California bill aims to ensure specialized prescription drugs are affordable

California Assembly Bill 339 aims to rein in prescription-drug prices to ease the economic impact on those with chronic medical conditions who need expensive drugs, but critics are warning that it also would increase insurance premiums for everyone else and make it harder for insurers to obtain lower-cost drugs.The bill would limit what a consumer pays to a $250 copay limit for a 30-day supply.
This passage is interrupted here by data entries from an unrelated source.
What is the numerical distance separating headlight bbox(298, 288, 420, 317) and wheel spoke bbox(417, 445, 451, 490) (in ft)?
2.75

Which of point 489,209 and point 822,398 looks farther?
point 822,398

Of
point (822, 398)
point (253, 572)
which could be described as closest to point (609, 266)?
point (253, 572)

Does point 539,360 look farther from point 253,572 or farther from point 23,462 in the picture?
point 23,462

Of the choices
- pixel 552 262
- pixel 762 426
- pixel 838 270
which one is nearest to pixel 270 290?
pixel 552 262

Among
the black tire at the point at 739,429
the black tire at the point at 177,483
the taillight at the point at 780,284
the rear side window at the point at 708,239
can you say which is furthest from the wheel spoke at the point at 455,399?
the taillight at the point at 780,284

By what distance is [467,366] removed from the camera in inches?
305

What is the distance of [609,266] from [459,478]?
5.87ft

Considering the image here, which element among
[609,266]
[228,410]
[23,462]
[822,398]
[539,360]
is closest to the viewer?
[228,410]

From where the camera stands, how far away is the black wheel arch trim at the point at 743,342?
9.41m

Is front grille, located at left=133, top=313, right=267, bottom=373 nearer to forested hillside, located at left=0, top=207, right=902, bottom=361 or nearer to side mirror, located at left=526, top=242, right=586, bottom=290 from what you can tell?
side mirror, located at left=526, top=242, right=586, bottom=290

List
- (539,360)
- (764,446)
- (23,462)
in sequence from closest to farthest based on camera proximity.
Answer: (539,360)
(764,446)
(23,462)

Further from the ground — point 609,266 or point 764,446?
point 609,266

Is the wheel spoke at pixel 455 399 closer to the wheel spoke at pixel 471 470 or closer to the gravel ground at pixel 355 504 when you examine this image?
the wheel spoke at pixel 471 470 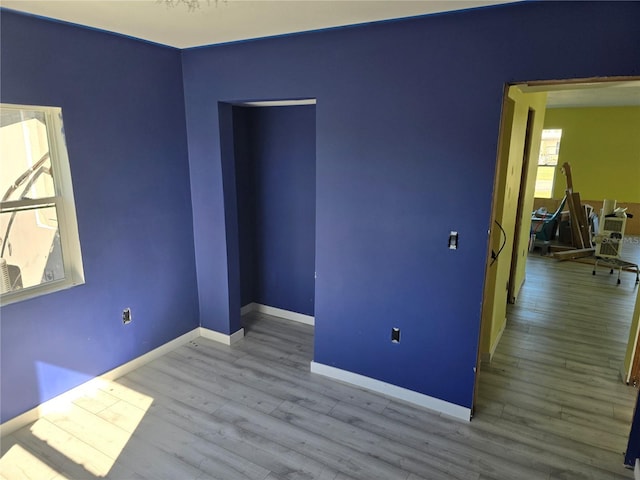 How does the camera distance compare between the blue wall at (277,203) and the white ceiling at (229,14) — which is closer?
the white ceiling at (229,14)

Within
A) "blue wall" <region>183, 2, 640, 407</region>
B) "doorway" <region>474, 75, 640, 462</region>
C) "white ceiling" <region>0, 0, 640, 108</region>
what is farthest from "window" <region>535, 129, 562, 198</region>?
"blue wall" <region>183, 2, 640, 407</region>

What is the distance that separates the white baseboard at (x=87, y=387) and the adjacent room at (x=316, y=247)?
0.05 feet

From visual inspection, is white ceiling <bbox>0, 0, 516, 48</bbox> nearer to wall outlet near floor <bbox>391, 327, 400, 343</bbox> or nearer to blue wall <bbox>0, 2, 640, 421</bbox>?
blue wall <bbox>0, 2, 640, 421</bbox>

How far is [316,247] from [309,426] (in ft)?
4.23

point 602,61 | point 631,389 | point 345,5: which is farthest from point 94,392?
point 631,389

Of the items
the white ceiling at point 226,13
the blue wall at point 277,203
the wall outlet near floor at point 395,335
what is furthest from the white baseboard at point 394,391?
the white ceiling at point 226,13

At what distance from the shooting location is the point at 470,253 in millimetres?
2604

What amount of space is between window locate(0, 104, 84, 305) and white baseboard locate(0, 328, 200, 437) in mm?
793

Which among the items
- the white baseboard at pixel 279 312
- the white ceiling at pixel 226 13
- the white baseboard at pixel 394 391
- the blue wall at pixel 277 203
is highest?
the white ceiling at pixel 226 13

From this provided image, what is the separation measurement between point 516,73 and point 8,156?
125 inches

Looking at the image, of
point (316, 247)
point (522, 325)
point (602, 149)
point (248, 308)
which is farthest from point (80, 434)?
point (602, 149)

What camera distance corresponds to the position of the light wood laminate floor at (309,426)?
236 centimetres

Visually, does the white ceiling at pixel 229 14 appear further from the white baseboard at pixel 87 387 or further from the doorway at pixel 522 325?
the white baseboard at pixel 87 387

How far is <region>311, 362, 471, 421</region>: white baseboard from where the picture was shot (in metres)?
2.84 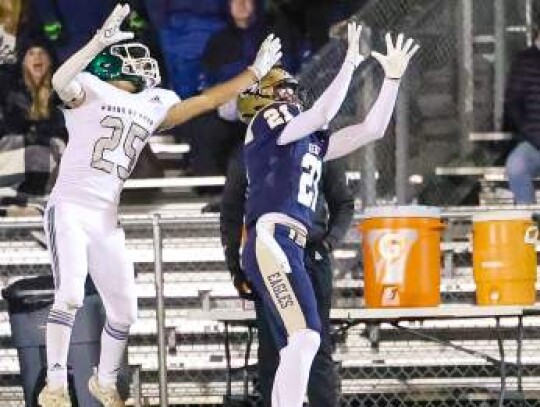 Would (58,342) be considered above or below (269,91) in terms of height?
below

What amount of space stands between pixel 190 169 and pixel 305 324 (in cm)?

The bill passed the Assembly 48-30 in June, then passed along party lines in the Senate Health Committee, 7-2, soon afterward after witnesses testified to its pros and cons. The bill is back in committee for further consideration and any amendments.



“AB339 is designed to ensure consumer access to vital medications,” the bill’s author, Assemblyman Rich Gordon (D-Dist. 24), said. “Californians with cancer, HIV/AIDS, hepatitis, multiple sclerosis, epilepsy, lupus and other serious and chronic conditions need high-cost specialty drugs. Today, consumers with these serious health conditions can be asked to pay as much as $6,600 for a month’s prescription for a single drug.”

Those in opposition to the bill are focusing on the increased premiums that the bill would cause.

“Our opposition to this bill is fairly simple,” Nick Louizos, a representative for the California Association of Heath Plans, said. “Legislatively designing health benefits increases premiums. We can legislatively create the best benefit packages in the world, but if no one can afford them, that’s pretty useless from our perspective. This has been demonstrated time and time again. The independent analysis of the introduced version of this bill does show premium increases of close to $400 million on individuals and employers.”